Would you transcribe the listing exactly as it stands, minus any images?

* DATA EXTRACT *
━━━━━━━━━━━━━━━━━━━━

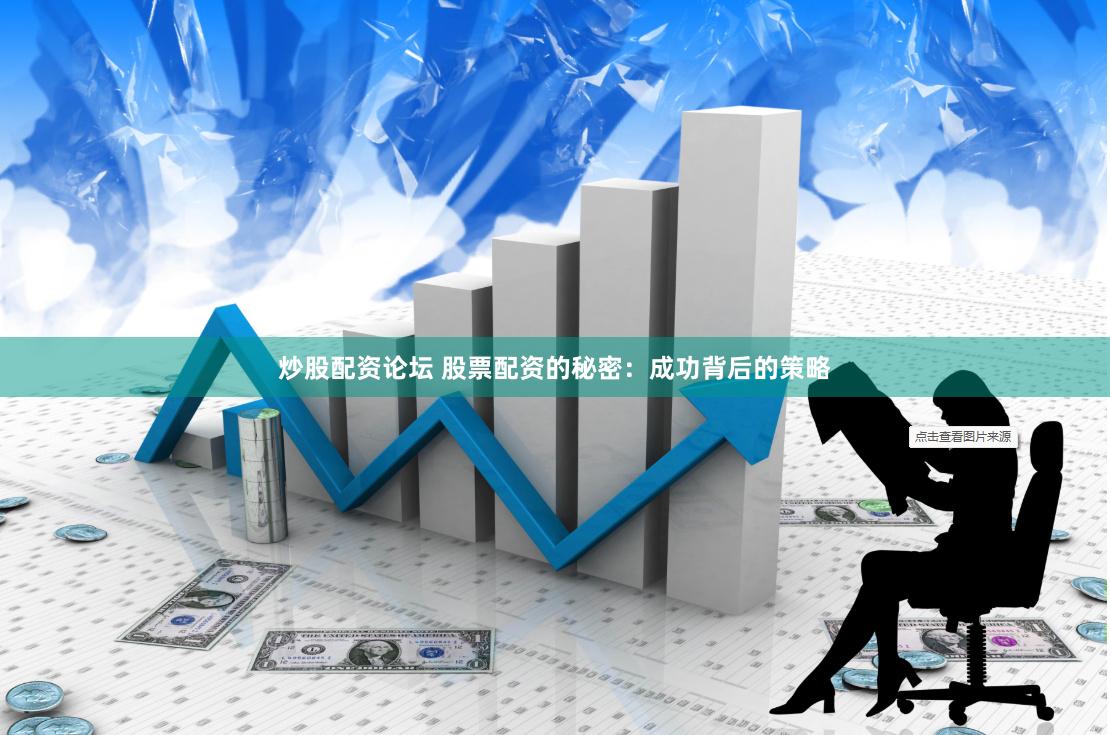 炒股配资论坛 股票配资的秘密：成功背后的策略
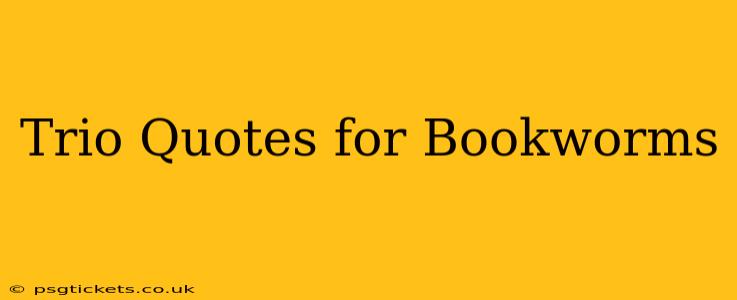 Trio Quotes for Bookworms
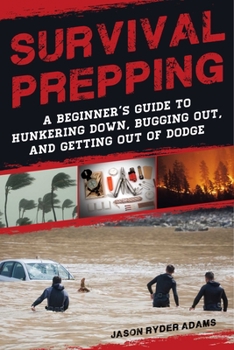 Paperback Survival Prepping: A Guide to Hunkering Down, Bugging Out, and Getting Out of Dodge Book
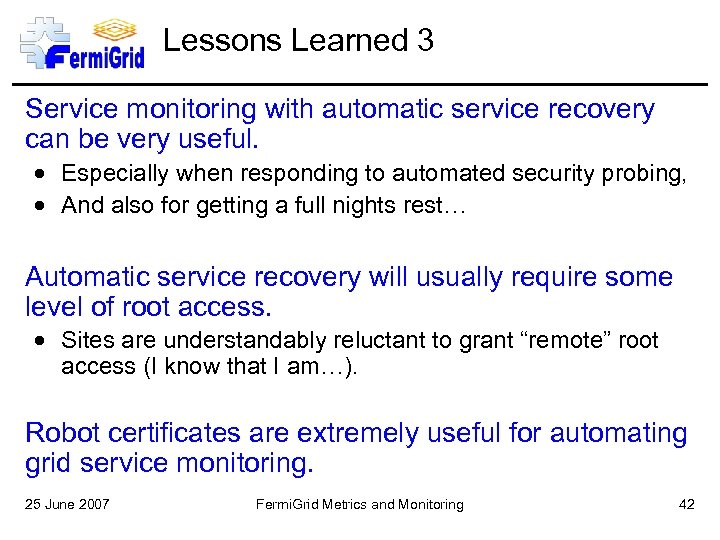 Lessons Learned 3 Service monitoring with automatic service recovery can be very useful. Especially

━━━━━━━━━━━━━━━━━━━━

* EXERCISE RESULT *
 炒股配资论坛 股票配资的秘密：成功背后的策略
 Trio Quotes for Bookworms
 Paperback Survival Prepping: A Guide to Hunkering Down, Bugging Out, and Getting Out of Dodge Book
 Lessons Learned 3 Service monitoring with automatic service recovery can be very useful. Especially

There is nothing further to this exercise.